Stealing to Payback Stolen Money

This week’s fraud isn’t especially remarkable except for the motive. But it can be a little confusing.

From Wales (the country not the species) , Mayur Gaglani (not to be confused with Mayor Giuliani), stole a substantial amount of money from his employer, believed to be about £250,000. It appears he was required to pay the sum back, so Mayur got to work. In 2017 Gaglani got a job with PSE 2 (not PS2), a small company selling electrical systems.

.Between June and August of 2022, Gaglani created fake invoices to the tune of £64,000, which the company paid. Additionally, Gagliani went to US on holiday and used the company credit card to rack up £5,000 of personal charges. It was the company card charges that got him caught.

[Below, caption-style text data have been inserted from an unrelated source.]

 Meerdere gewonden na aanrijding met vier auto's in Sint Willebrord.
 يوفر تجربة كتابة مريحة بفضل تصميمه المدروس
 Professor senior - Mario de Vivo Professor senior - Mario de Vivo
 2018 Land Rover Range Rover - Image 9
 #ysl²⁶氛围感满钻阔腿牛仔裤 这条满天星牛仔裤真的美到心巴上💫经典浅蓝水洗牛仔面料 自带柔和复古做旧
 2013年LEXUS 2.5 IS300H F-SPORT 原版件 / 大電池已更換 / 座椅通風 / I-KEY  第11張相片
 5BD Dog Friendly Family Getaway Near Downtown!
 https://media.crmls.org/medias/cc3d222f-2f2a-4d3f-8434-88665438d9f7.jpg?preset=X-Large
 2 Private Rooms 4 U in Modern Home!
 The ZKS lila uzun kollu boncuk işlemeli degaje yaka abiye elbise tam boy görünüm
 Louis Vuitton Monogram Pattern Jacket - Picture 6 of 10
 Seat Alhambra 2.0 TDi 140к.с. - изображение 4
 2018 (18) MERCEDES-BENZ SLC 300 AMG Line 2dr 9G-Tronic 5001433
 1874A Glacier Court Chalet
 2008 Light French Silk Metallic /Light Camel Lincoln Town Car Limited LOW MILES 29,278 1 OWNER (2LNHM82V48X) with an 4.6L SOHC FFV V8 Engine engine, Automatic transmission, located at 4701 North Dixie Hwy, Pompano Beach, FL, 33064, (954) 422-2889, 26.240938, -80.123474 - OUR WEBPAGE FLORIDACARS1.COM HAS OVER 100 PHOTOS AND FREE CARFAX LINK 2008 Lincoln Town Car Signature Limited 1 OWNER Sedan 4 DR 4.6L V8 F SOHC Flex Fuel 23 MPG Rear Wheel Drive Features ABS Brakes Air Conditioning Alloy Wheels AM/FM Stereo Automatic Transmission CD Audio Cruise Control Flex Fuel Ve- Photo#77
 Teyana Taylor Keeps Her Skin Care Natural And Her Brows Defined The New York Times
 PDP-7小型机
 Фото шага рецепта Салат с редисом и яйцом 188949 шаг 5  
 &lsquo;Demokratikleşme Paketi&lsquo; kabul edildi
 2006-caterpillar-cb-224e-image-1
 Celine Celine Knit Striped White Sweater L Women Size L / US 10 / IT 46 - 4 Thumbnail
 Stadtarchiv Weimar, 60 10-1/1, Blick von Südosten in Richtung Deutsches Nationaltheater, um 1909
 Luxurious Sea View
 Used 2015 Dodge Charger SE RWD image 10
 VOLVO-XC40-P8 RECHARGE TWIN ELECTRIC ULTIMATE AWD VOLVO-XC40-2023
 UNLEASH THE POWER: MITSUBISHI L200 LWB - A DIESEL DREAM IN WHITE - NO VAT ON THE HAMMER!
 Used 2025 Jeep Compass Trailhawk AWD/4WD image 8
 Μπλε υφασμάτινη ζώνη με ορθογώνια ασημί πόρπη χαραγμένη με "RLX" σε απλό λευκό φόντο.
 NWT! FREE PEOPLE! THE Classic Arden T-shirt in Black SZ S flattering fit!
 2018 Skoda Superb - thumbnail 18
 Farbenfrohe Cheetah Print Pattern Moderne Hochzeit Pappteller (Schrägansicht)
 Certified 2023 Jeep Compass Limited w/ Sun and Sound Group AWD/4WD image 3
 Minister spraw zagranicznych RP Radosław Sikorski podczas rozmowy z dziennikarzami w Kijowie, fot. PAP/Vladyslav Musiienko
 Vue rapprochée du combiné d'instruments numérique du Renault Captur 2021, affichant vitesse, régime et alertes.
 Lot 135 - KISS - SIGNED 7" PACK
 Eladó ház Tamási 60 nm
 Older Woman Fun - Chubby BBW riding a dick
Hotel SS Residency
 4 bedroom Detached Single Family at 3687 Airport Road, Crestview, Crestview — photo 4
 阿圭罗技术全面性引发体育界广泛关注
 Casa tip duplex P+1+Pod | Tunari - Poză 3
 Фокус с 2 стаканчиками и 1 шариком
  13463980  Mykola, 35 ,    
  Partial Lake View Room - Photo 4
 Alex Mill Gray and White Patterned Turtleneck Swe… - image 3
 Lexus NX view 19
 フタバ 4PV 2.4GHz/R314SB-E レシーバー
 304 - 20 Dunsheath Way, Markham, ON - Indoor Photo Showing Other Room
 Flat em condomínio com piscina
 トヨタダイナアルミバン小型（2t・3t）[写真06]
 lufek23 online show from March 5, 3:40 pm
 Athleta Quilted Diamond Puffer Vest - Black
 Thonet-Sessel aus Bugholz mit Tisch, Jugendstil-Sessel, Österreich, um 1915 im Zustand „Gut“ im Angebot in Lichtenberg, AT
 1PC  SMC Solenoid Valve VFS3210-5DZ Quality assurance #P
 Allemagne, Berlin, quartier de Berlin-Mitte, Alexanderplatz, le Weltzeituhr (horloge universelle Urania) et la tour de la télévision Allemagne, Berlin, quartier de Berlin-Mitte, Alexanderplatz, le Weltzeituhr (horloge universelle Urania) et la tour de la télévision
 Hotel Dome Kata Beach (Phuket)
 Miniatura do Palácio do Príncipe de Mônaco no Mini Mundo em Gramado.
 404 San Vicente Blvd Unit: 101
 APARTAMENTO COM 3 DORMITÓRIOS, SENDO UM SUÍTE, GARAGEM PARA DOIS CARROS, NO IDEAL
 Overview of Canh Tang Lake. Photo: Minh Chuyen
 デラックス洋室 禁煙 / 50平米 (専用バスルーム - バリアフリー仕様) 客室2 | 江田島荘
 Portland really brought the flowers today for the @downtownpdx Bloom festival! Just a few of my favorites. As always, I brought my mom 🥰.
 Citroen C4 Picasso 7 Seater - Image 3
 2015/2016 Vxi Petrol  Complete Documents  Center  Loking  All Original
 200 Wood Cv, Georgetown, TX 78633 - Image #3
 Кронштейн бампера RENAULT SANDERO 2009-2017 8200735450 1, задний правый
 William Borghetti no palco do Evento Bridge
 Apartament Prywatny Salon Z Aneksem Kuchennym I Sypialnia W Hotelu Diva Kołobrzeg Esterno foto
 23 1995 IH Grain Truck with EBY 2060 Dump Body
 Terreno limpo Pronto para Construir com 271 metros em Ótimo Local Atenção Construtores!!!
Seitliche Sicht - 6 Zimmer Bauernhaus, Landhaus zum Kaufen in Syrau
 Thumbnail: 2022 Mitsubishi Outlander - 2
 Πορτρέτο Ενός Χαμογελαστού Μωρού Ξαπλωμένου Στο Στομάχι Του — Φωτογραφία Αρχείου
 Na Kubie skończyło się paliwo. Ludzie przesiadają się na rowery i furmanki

So far this is pretty straight forward, falsifying invoices and personal use of the company card. It gets worse. At his sentencing hearing, it was revealed that Gaglani explained to Gary Porter of PSE 2 that he had a previous dispute with an employer and significant debts. Mr. Porter loaned Gaglani £60,000 and gave him a £22,000 salary advance to help him out.

Let’s do some math, £64,000+5,000+60,000+22,000 = £151,000.

Gaglani said that he committed fraud to pay back money stolen from his previous employer. It’s not clear how much of the stolen money was actually paid back because Gaglani also used part of the money to pay his own debts. Cleary Gaglani was in way over his head. I’m also not sure what his end game was. Did he think he wouldn’t get caught this time?

The effect of the fraud on PSE 2 was significant. Instead of growing and being able to hire more employees, they were forced to retrench and 5 employees had to change the nature of their work. Gaglani was sentenced to 20 months in prison.

Controls matter. Whether it’s Apple or PSE 2. Big or Small. I see plenty of companies say “we’re too small” to worry about controls, but £151,000 matters a lot more to small company than $20 million does to Apple.